WHAT TO DO:
From the first line of the data below, copy each line up to the one containing "GUCCI-Marmont series leather", and include that line too.

•••••

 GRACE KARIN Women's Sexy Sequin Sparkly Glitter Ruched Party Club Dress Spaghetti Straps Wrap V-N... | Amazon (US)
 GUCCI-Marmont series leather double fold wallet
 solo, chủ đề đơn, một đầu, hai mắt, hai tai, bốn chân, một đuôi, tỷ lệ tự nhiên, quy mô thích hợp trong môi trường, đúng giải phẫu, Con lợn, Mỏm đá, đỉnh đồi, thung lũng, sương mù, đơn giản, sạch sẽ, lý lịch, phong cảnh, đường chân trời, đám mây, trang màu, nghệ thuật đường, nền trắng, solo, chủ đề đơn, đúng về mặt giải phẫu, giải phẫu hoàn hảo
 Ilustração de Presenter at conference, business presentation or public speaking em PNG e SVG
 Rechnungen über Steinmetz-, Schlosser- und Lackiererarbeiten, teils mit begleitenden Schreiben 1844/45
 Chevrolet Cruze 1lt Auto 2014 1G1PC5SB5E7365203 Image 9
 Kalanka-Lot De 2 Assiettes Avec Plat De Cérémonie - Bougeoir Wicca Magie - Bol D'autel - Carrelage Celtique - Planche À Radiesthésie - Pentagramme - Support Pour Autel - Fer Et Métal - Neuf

•••••

FINISHED TASK:
 GRACE KARIN Women's Sexy Sequin Sparkly Glitter Ruched Party Club Dress Spaghetti Straps Wrap V-N... | Amazon (US)
 GUCCI-Marmont series leather double fold wallet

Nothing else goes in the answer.